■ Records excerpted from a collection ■
_ _ _ _

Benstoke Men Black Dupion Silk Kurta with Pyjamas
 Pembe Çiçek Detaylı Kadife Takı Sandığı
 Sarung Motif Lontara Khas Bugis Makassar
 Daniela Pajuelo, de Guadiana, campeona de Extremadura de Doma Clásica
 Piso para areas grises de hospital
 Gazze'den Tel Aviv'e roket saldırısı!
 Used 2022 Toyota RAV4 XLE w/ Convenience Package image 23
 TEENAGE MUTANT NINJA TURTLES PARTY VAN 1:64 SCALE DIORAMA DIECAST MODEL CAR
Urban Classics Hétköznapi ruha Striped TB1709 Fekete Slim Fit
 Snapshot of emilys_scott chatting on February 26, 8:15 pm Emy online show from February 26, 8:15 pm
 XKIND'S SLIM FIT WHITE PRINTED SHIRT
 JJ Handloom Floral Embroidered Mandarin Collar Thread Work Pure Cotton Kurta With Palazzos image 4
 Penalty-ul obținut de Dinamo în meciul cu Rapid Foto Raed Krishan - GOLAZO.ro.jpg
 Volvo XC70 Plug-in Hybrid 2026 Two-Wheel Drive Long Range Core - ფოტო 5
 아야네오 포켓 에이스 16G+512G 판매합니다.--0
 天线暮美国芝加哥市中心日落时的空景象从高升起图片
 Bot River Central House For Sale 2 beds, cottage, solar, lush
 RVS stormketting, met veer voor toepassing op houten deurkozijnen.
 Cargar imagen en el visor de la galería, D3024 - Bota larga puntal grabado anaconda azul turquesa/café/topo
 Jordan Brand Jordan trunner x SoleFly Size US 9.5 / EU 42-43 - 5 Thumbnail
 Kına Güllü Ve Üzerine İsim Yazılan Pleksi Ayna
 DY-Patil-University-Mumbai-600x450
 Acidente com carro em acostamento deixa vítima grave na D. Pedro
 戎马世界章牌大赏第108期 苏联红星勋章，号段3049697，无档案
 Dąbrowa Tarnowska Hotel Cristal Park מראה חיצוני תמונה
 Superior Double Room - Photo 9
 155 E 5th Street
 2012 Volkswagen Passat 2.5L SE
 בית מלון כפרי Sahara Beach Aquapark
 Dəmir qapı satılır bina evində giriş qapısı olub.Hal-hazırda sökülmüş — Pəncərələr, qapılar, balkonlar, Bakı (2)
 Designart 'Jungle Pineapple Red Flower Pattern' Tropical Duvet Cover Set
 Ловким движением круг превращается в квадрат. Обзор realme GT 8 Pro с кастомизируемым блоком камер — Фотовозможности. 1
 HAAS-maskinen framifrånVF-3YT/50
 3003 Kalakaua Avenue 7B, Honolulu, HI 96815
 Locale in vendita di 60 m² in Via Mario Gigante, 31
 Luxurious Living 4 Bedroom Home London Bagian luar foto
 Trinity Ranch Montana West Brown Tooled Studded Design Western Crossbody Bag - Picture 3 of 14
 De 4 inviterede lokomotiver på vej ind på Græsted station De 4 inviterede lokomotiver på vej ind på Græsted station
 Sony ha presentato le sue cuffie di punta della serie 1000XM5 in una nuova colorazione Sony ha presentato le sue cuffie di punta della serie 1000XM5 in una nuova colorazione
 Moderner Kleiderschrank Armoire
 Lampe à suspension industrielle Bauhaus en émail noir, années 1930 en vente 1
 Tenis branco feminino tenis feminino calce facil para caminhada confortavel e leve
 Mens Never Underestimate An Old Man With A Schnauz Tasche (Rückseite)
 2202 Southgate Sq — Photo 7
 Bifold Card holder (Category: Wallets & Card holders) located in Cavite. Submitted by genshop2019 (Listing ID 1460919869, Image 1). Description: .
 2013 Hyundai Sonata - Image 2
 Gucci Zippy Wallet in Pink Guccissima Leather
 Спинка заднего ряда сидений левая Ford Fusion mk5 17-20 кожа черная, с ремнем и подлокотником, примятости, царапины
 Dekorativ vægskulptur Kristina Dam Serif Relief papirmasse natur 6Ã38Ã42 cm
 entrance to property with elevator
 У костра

_ _ _ _

■ What you have to do ■
Keep to the lines from the one containing "Mens Never Underestimate" to the end of the entries above, and retype them exactly.

■ Output for this exercise ■
 Mens Never Underestimate An Old Man With A Schnauz Tasche (Rückseite)
 2202 Southgate Sq — Photo 7
 Bifold Card holder (Category: Wallets & Card holders) located in Cavite. Submitted by genshop2019 (Listing ID 1460919869, Image 1). Description: .
 2013 Hyundai Sonata - Image 2
 Gucci Zippy Wallet in Pink Guccissima Leather
 Спинка заднего ряда сидений левая Ford Fusion mk5 17-20 кожа черная, с ремнем и подлокотником, примятости, царапины
 Dekorativ vægskulptur Kristina Dam Serif Relief papirmasse natur 6Ã38Ã42 cm
 entrance to property with elevator
 У костра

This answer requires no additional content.